2:40-- Oven is preheated. Cake batter is divided evenly, smoothed, and comes dangerously close to the top of the pan. The picture in the cookbook shows a fine crumb and tight texture, like a pound cake. Perhaps it won't rise much. Put in the cake.
2:50-- Batter is rising and flowing over to the edge of the pan. Will the surface tension hold it together? Please?
2:52-- Cake batter is dripping over the edges. Dangit! What should I do? Wait. Maybe it will stop. It won't. Burn finger while spooning some of the batter out of the pans onto a plate.
2:54-- Cake batter is still dripping. Put a pan underneath to catch the drippings. Taste the batter on the plate. Not bad!
2:55-- Oven is taking on a nice smoky smell. I wonder if the cookbook says something about using tall cake pans! No, but clearly they do. Wish you would have bought those 8"x3" cake pans at Gygi's.
3:00-- Cake batter is steadily flowing out of the pans, but only out of one side, creating a divet around the rising cake, a beautiful volcanic valley of golden batter.
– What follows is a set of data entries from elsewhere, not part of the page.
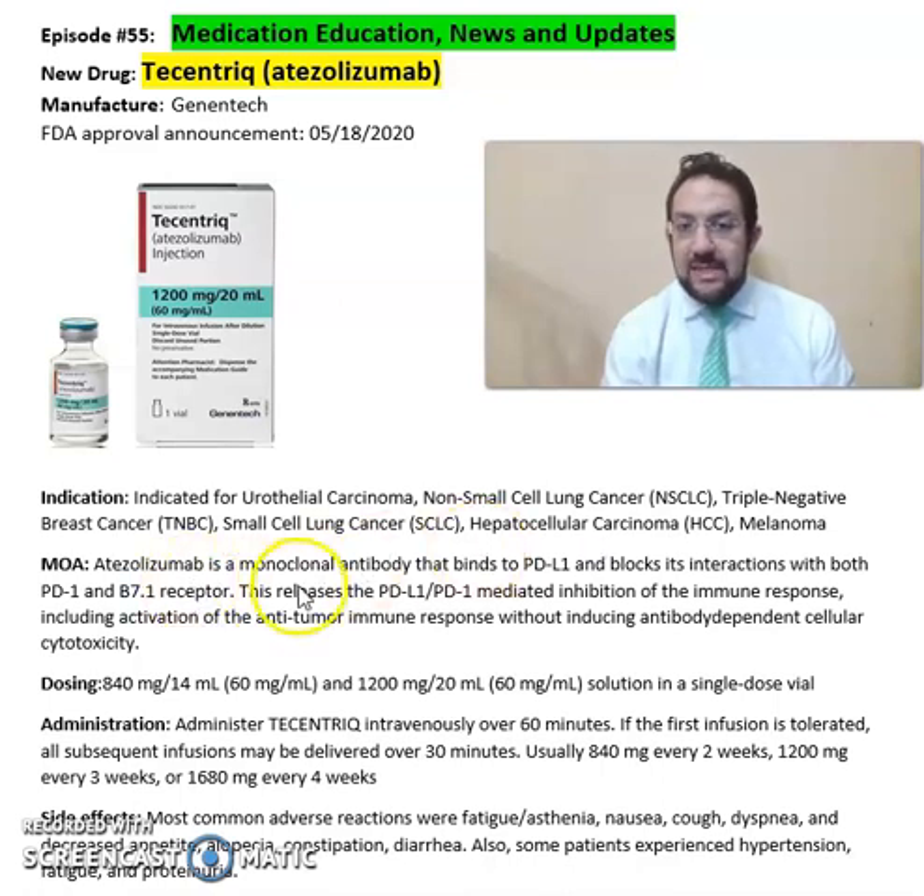Atezolizumab is a monoclonal antibody that binds to PD-L1 and blocks the interaction with both PD-1 and B7.1 receptors. This raises the PD-L1-mediated inhibition of the immune response, including activation of the antitumor immune response.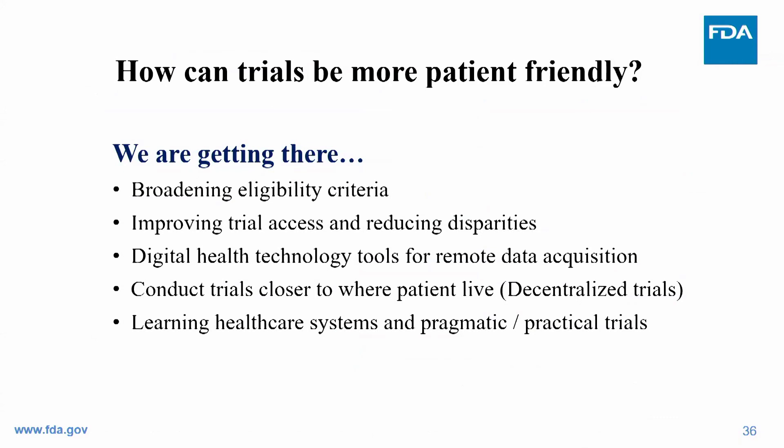Beyond patient-reported outcomes, we are making trials more patient-friendly. We've broadened eligibility criteria to allow patients with a wider range of comorbidities to enroll on trials. We're working to improve trial access and reduce disparities. We're improving digital health technology to allow remote patient assessment — called decentralized trials — conducting trials closer to where patients live. We're also evaluating the role of standard clinical care and learning healthcare systems in deploying more practical, pragmatic, and even prospective randomized trials.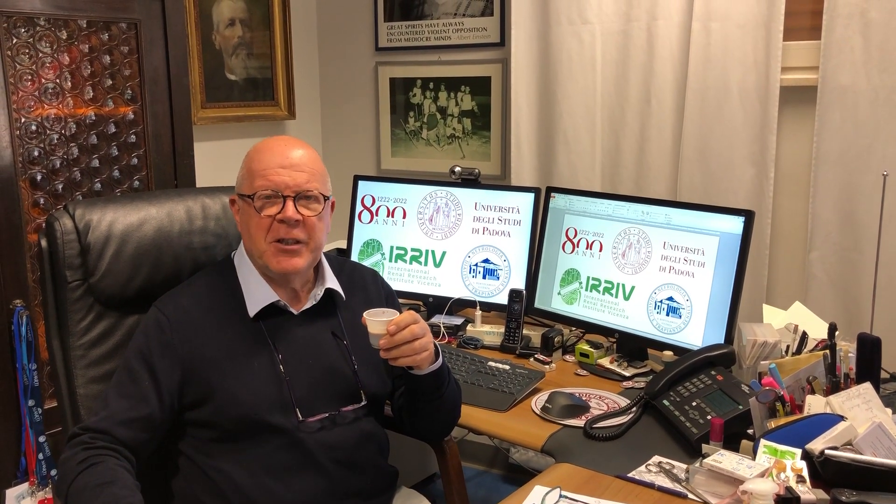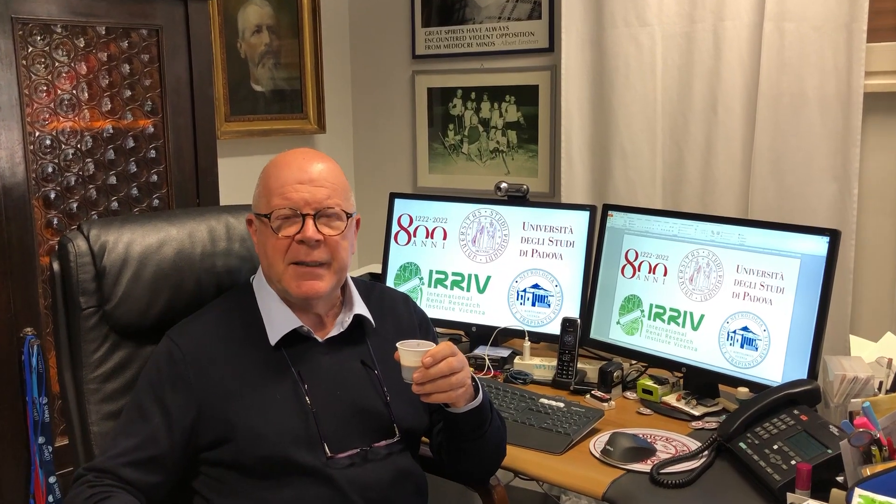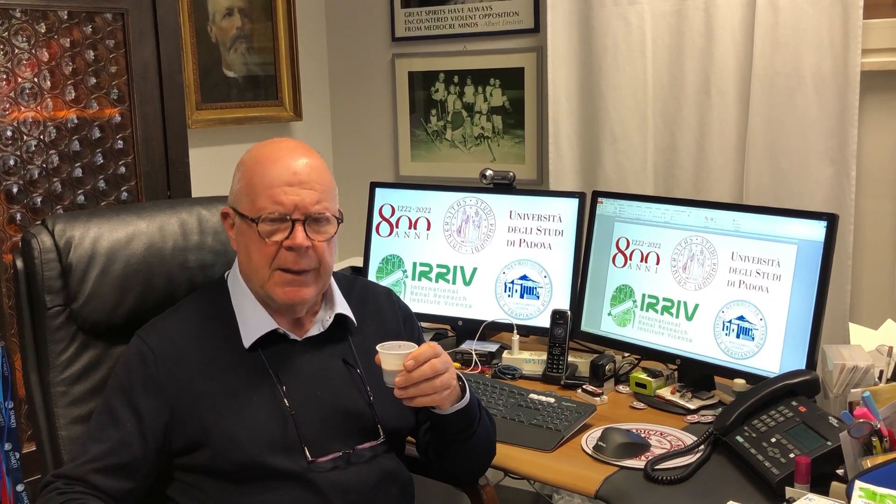Ciao Mundo! Hello World! Hola Mundo! Hello Mond! Konnichiwa! Ni hao! We're here again with Cappuccino in this time of coronavirus emergency. We received many requests to express an opinion on what is probably the membrane that should be used for CRRT in patients undergoing renal replacement therapy in the ICU in case of COVID-19 disease.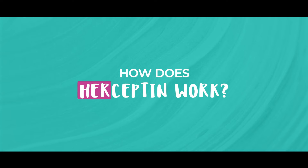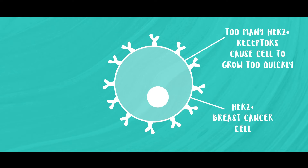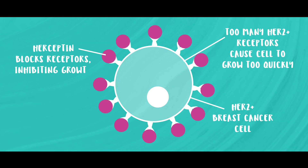So how does Herceptin work? Herceptin, also known as trastuzumab, is a targeted therapy specifically designed to inhibit the activity of HER2 receptors in breast cancer cells. HER2-positive breast cancers have an overexpression of HER2 receptors, which can lead to uncontrolled cell growth and proliferation. Herceptin works by binding to these HER2 receptors, effectively blocking their signaling pathways and inhibiting cell growth.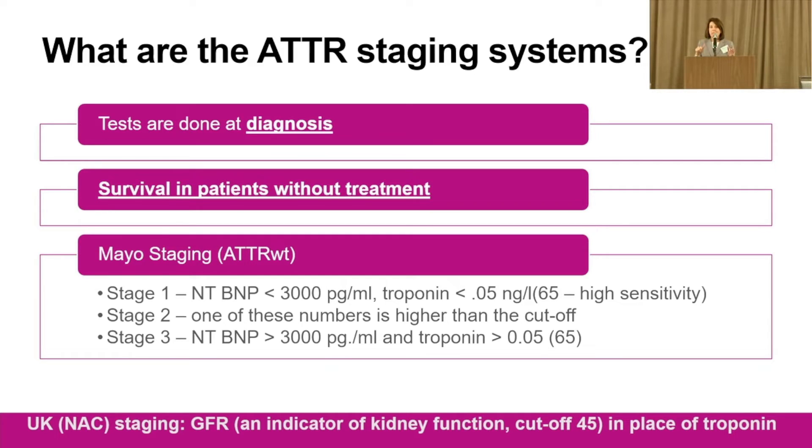The National Amyloidosis Center in the UK developed a very similar staging system with the same NT-proBNP cutoff of 3,000. Instead of troponin, they use estimated GFR — glomerular filtration rate — an assessment of kidney function. The heart and kidney are quite intertwined, so that number is similarly informative. It's a very similar system that divides patients into risk groups.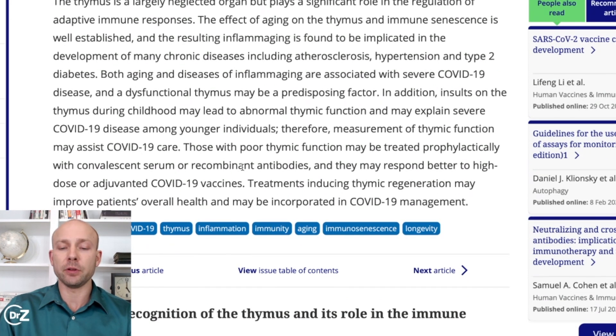Both aging and disease-related inflammation are associated with severe disease outcomes, and a dysfunctional thymus may be a predisposing factor. Insults on the thymus during childhood may lead to abnormal thymic function and may explain severe disease among younger individuals. Therefore, measurement of thymic function may assist in patient care. Those with poor thymic function may be treated prophylactically with convalescent serum or recombinant antibodies. Treatments inducing thymic regeneration may improve patients' overall health. If we can improve thymus function, we can help protect ourselves from the virus.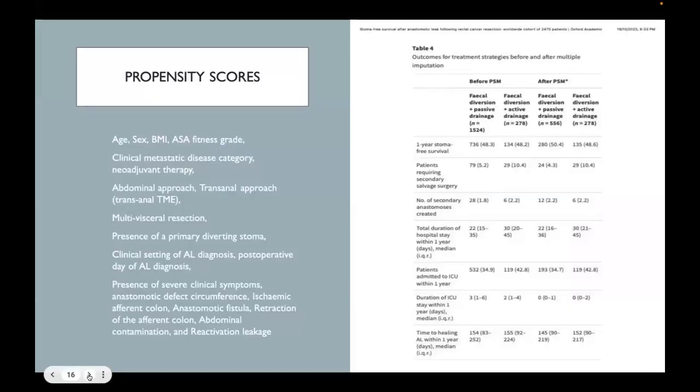Recognizing the heterogeneity in those cohorts, the two groups of real interest are fecal diversion with active versus passive drainage, and that is exactly what the authors analyzed using propensity score matching. The PSM table shows fairly good matching. They used one-to-two matching: 278 patients in the fecal diversion with active drainage group and 556 in passive drainage. Outcomes are pretty similar between the two groups, with the exception of secondary salvage surgery — higher with the endosponge — and ICU stay, presumably related to having another operation to salvage the leak.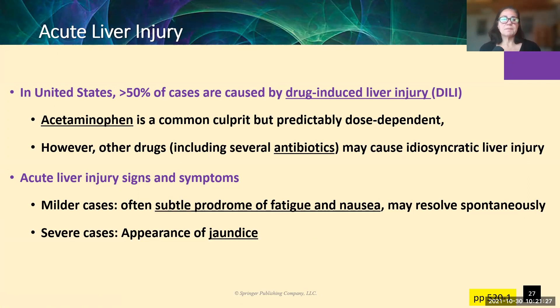Changing topics — let's talk about specific acute liver injuries. More than half of the cases in this country can be traced back to drug-induced liver injury, and acetaminophen is absolutely the most common culprit. It is predictably dose dependent: patients aren't supposed to get too much acetaminophen every day, and if they do, the liver gets overwhelmed trying to manage all of it. The more overdosed the acetaminophen, the worse the damage.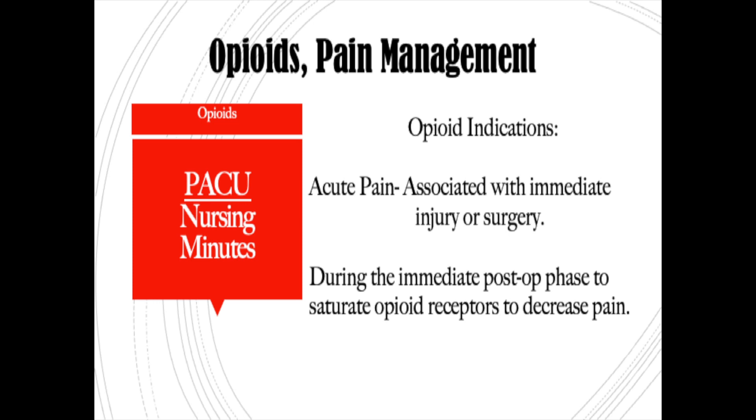Data has shown that the more opioids patients receive in surgery and in the recovery room, the higher their need for opioids post-op will be, because of how many receptors get saturated. So it really starts with anesthesia and recovery. Opioid indication for pain management is reserved for acute pain associated with immediate injury and surgery during the immediate post-op phase, to saturate those opioid receptors and suppress that immediate post-surgical pain.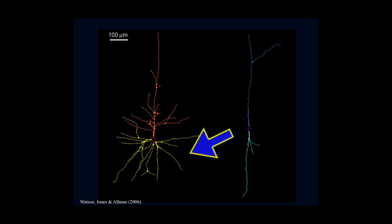We presume that the VENs are specializations of pyramidal cells, and that somewhere in the developmental program for VENs is a suppression of this branching. We have some clues as to what the genetic basis of that might be, possibly in the form of the gene DISC1.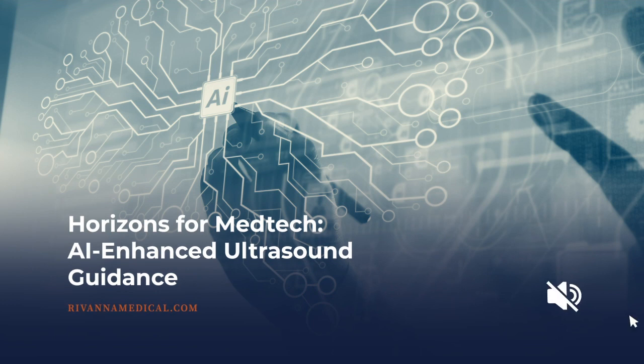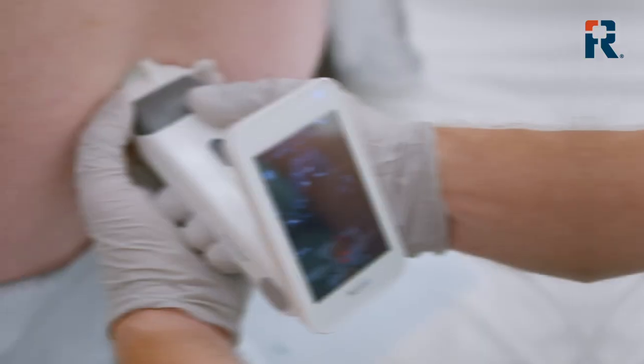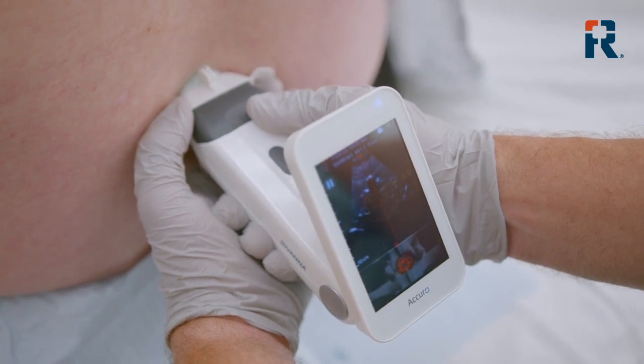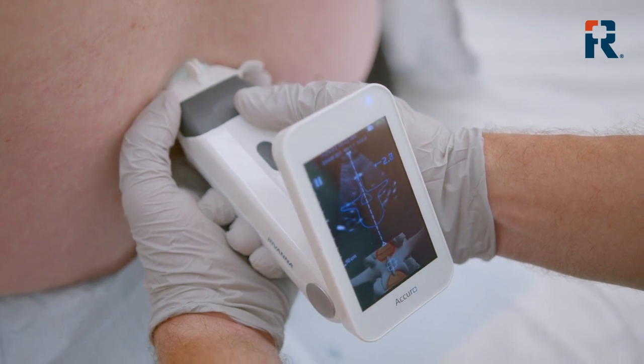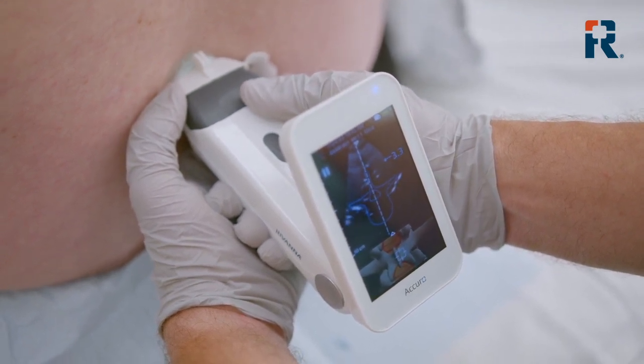My team is the most excited about the recent advancements in AI in ultrasound. In medical imaging specifically, AI allows you to have rapid anatomical detection and procedural guidance. Not only does that improve efficiency, but it can assist clinicians in making more informed decisions, and it also helps to elevate the standard of care for patients.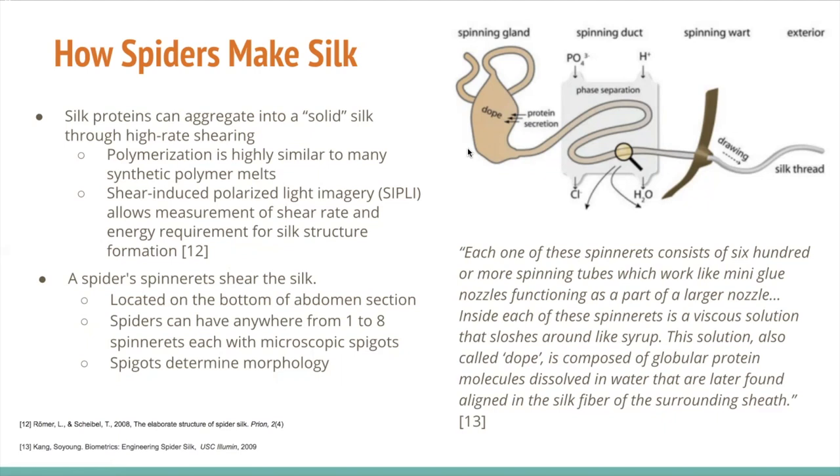Studies in the 1960s determined that silk proteins could be aggregated into solid silk by shearing at a very high rate. It was difficult to confirm this observation due to handling limitations, but studies in the 1980s confirmed research regarding stress-induced phase transitions. This polymerization activity is very similar to synthetic polymer melts, already well understood by scientists and industry. Shear-induced polarized light imagery in the early 2010s allowed scientists to measure the shear rate and energy required to form silk structures. However, practical difficulties have made spider silk less industrially viable compared to silkworms.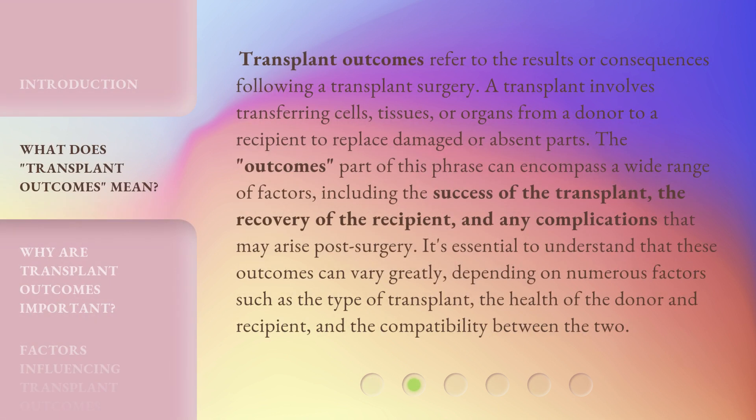Transplant outcomes refer to the results or consequences following a transplant surgery. A transplant involves transferring cells, tissues, or organs from a donor to a recipient to replace damaged or absent parts. The outcomes part of this phrase can encompass a wide range of factors, including the success of the transplant, the recovery of the recipient, and any complications that may arise post-surgery.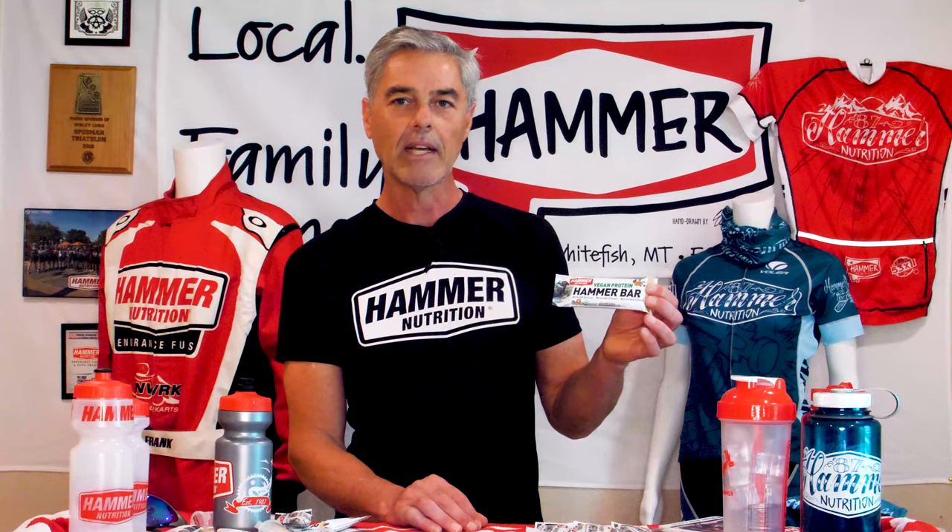We also make a bar that I like a lot because it's almost savory. The almond cacao protein bar has raw cacao nibs in an almond base and it's not sweet. So if you don't have a sweet tooth and you shy away from energy bars because they tend to be over-sweet, check out Hammer Bars and check out the almond cacao protein bar.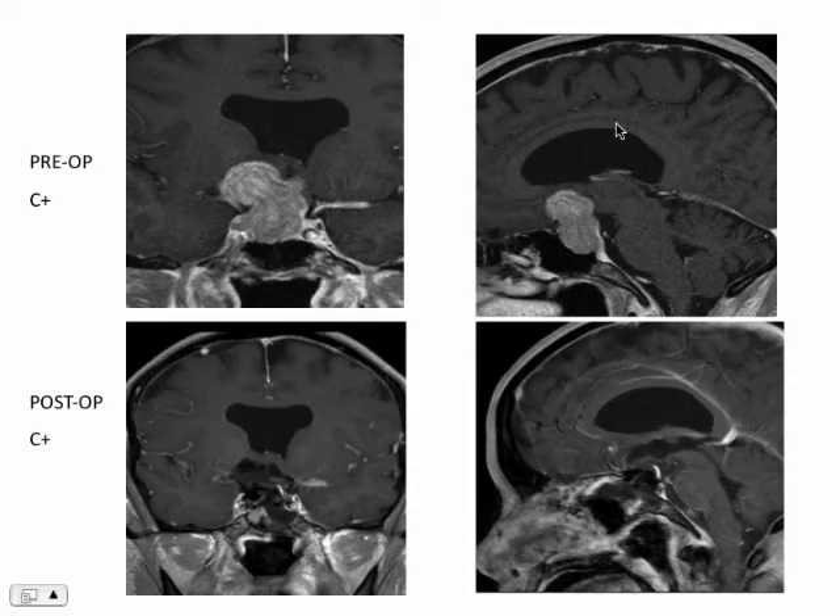We have a side-by-side comparison of the preoperative and postoperative post-contrast images in coronal and sagittal view, and we can see that really the vast majority of the tumor has been removed. There's been relieving of the significant mass effect, especially on the right aspect of the chiasm and the right optic nerve.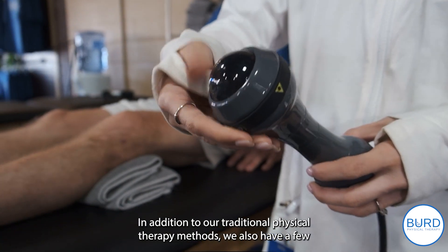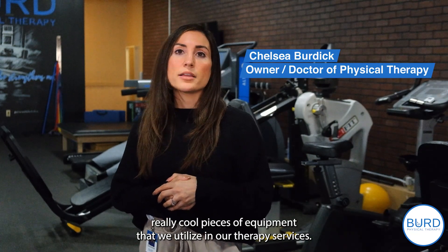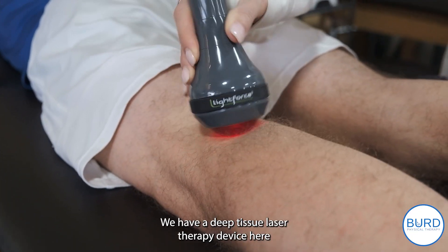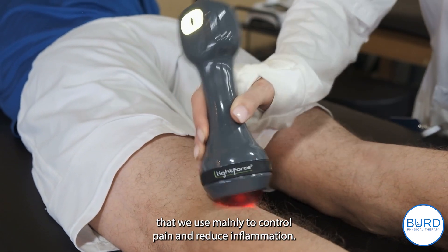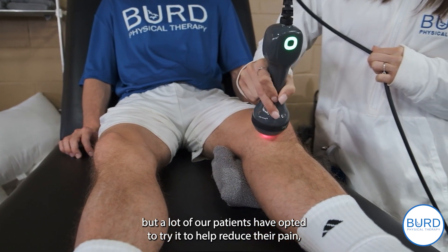In addition to our traditional physical therapy methods, we also have a few really cool pieces of equipment that we utilize in our therapy services. We have a deep tissue laser therapy device here that we use mainly to control pain and reduce inflammation. It's a cash-based service, but a lot of our patients have opted to try it.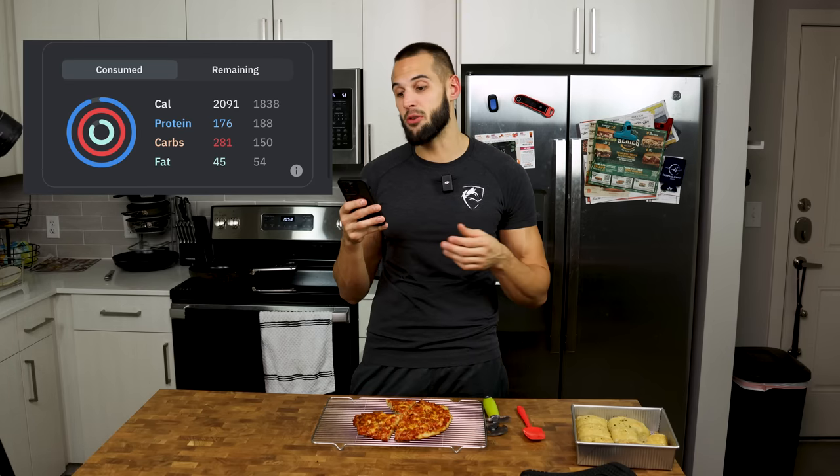Let's go over the macros. For half the pizza and half the rolls, we're looking at 962 calories, 17 fat, 143 carbs, and 57 protein. On the day, that equals 2,091 calories, 176 protein, 281 carbs — don't think of these as all actual carbs since a lot are net carbs from swerve — and 45 fat. Check out this five-minute full day of eating I did just a few months back. Until next time, deuces.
Start thinking about making some brownies. You're definitely going to need a backup.
3:10-- Wash mixer bowl and start making texas sheet cake brownies. A crowd pleaser! Put flour and sugar in mixing bowl.
3:15-- Cakes are finally finished and boy are they ugly. In a brief flash of maturity, Emma pats me on the back and says "It's okay mom."
3:20-- What's that burning smell? Is it still the oven? Ah! the cocoa/water/butter mixture on the stove is bubbling away at a dangerous pace. Remove from heat and dump in flour sugar mixture. Mix in everything else. While pouring batter in pan, give it a taste. Hmm, it doesn't taste very sweet. Did I put in both cups of sugar? I can't remember!
3:25-- Pace around kitchen and finally decide to add another cup of sugar to the brownie batter. Scrape batter from pan into bowl, add sugar, scrape back into pan, and place into still smoky oven.
3:30-- Wash saucepan. Start making icing for brownies. Melt butter, cocoa, and milk in pan. Get distracted trying to get birthday cakes out of the pan. Frosting mixture scorches on the bottom but I'm mad and add the powdered sugar anyway. I think it tastes a little burned. Ed things it tastes fine, albiet with a pleasant smoky finish.
3:40-- Still with the burning smell? What's wrong? Look in oven and see brownie batter bubbling over the edge of the pan. Crap!
3:45-- While looking for a pan large enough to catch the falling batter, note that the brownie batter is now overflowing the pan in thin, beautiful sheets of chocolate. Double crap! Kitchen is dangerously smoking. Everyone in family opening windows. I try not to cry. There's no crying in baking!
3:47-- Flames erupt on the bottom of the oven in the shape of a sheet pan rectangle. Pull brownies from oven, covering my oven mitts in batter. Throw on baking soda to stop the fire. Take a deep breath and remind yourself you still have 3 potato casseroles, a ham, and 4 pans of rolls to bake.
3:50-- The rolls! Turn and see the dough overflowing the container. Punch down dough with more force than necessary, turn it, and tell it gently to wait a few minutes.
3:50 - 4:30-- Turn off oven, let it cool down, pull out racks, wash and dry them, scrape off burned batter from the bottom of oven. Call mom and ask her to make brownies. Give silent prayer thanking God for moms.
4:30-- Shape rolls and try to clean up the disastrous kitchen.
4:30-- Crank oven up and cram it with ham and funeral potatoes. Turn on the convection fan, baby!
4:40-- Make dip for vegetable tray. Decide not to make homemade salad dressing. Ask Ed to whip the cream for the Jell-O.
4:45-- Make chocolate buttercream frosting for cake.
4:50-- Try and make something from the cake-tastrophe. Slice tops of cake to make even with divet. Save tops. Patch together cake so it's roughly even. Even use some of the pieces that had falling into the other pan. Frost cake. Hey, this isn't too bad!
5:00-- Decorate cake with Junior mints and little peppermint patties that have white frosting snowflakes on them. Be glad you didn't cry over the cake - it turned out okay.
5:15-- Check on potatoes and ham. Almost there. Thank you convection! Swap everything out for a pan of rolls.
5:20-- Realize you're still in your sweats and the doorbell just rang. Ah! Change clothes, dash downstairs and get out salad stuff.
5:30-- Get nice sister-in-law to help you finish salad. Put in more rolls.
5:40-- Almost everyone's here. I made it!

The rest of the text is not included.